**Dataset excerpts:**
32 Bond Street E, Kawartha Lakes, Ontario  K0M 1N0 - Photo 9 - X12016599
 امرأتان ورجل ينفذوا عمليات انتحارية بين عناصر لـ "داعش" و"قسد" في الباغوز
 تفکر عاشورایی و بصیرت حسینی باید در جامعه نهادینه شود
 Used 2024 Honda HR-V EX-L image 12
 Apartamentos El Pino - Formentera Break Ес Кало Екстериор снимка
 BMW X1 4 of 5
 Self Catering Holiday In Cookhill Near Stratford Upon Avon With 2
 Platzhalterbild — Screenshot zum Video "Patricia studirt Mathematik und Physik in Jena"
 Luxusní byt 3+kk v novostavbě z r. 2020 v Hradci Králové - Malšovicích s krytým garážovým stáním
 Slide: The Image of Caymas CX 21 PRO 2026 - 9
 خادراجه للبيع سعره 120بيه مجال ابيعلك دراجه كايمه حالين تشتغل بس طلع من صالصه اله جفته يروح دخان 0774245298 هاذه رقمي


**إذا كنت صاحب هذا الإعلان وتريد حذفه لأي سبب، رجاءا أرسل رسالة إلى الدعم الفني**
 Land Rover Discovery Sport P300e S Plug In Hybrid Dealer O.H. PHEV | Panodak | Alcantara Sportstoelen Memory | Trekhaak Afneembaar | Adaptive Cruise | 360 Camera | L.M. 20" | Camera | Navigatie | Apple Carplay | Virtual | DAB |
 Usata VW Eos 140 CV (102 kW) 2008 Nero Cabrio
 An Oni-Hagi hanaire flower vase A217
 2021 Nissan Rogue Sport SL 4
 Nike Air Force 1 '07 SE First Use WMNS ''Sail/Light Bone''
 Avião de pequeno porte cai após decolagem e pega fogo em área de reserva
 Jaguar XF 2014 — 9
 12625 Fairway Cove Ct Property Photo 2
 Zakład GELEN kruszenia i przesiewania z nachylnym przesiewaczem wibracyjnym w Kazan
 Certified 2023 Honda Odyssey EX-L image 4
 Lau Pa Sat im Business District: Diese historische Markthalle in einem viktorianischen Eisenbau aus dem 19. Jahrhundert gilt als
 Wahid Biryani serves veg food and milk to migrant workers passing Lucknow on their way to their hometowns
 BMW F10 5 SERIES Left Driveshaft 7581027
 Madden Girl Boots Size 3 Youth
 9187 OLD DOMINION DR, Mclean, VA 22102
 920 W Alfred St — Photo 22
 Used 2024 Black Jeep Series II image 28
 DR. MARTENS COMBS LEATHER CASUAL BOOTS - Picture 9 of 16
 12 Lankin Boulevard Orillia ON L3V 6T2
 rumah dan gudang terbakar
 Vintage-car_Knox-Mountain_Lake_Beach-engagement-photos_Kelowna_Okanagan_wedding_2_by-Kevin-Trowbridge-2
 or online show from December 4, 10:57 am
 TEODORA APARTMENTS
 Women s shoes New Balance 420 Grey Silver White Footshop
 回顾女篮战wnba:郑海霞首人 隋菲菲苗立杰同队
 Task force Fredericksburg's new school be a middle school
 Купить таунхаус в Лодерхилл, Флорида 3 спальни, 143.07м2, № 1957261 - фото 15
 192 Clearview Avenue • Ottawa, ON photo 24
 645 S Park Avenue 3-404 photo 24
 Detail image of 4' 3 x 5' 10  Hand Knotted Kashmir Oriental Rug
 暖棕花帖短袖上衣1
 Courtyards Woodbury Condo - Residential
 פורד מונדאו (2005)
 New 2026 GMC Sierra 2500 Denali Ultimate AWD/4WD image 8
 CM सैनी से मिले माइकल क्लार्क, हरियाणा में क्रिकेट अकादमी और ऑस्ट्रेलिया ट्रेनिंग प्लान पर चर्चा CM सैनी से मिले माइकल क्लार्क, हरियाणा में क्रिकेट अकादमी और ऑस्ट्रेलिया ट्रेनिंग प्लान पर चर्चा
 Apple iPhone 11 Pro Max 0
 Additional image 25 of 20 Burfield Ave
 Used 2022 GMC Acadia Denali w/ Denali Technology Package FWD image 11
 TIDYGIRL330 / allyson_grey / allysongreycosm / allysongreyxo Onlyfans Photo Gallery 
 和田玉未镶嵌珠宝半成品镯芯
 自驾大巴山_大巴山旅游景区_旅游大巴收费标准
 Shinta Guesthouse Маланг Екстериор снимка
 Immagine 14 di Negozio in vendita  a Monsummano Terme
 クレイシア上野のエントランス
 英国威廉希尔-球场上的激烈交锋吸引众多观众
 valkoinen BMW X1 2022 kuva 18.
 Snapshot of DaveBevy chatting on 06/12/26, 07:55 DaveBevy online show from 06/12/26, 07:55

**TASK STATEMENT:**
Print exactly the lines that run from the line containing "Additional image 25 of 20 Burfield Ave" to the end of the data, both ends included.

**ANSWER TO THIS TASK:**
 Additional image 25 of 20 Burfield Ave
 Used 2022 GMC Acadia Denali w/ Denali Technology Package FWD image 11
 TIDYGIRL330 / allyson_grey / allysongreycosm / allysongreyxo Onlyfans Photo Gallery 
 和田玉未镶嵌珠宝半成品镯芯
 自驾大巴山_大巴山旅游景区_旅游大巴收费标准
 Shinta Guesthouse Маланг Екстериор снимка
 Immagine 14 di Negozio in vendita  a Monsummano Terme
 クレイシア上野のエントランス
 英国威廉希尔-球场上的激烈交锋吸引众多观众
 valkoinen BMW X1 2022 kuva 18.
 Snapshot of DaveBevy chatting on 06/12/26, 07:55 DaveBevy online show from 06/12/26, 07:55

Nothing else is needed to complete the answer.